Uma nova visão para empresas e seus advogados

 

A definição dos riscos de cada contratante já bastante adotada nos Estados Unidos e na Europa, mas ainda é muito pouco utilizada no Brasil. Em parte, isso deve à excessiva intervenção judicial nos contratos, o que desestimulava os contratantes a fazerem a partilha de riscos porque posteriormente uma decisão judicial poderia facilmente desconsiderar a alocação de riscos definida pelas partes. Além disso, os advogados brasileiros estão pouco familiarizados com o mapeamento e alocação expressa de riscos nas minutas de contratos.

No entanto, com a alteração que a Declaração de Direitos de Liberdade Econômica introduziu no art. 421-A do Código Civil, o Poder  Judiciário ficou muito mais limitado na revisão de cláusulas contratuais, já que a alocação de riscos definida pelas partes deve ser respeitada e observada pelo Juiz.
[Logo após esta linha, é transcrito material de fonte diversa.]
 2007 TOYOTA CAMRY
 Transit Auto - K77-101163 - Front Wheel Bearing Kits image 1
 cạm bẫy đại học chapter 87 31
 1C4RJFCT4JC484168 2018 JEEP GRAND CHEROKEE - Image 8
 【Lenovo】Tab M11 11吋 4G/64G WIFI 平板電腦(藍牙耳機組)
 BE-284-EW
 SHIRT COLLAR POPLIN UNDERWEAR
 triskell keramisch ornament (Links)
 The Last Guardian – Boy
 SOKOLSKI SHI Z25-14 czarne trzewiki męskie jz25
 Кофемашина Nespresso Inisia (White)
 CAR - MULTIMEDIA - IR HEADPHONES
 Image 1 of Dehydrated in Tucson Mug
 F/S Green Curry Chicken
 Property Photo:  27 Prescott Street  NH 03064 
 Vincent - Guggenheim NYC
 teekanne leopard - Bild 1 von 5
Essa inovação, que a princípio parece pequena, terá grandes efeitos sobre os negócios entre empresas e os advogados terão que aprender mais sobre os negócios dos seus clientes de modo a elaborar contratos com a adequada alocação de riscos, já que aquilo que for definido em contrato deverá ser observado e respeitado pelo Juiz.

Com a Declaração de  Direitos de Liberdade Econômica a força obrigatória dos contratos ganha um novo impulso, e as empresas e seus advogados deverão se preparar para entrarmos em uma era de contratos mais complexos, detalhados e precisos, para definir alocação de riscos em contratos.

A consultoria jurídica preventiva ganhará papel de destaque e aqueles modelos padrão de contratos, muitas vezes elaborados por “robôs” jurídicos ou simplesmente copiados de modelos anteriores deixarão muito a desejar, já  que dificilmente contemplarão a correta análise, mapeamento e alocação dos riscos na situação  concreta de cada empresa.

Por outro lado, espera-se que com contratos mais bem elaborados haja substancial queda na  judicialização das relações entre empresas, fato que é poderá contribuir de modo significativo com crescimento econômico e com a geração de prosperidade nas empresas.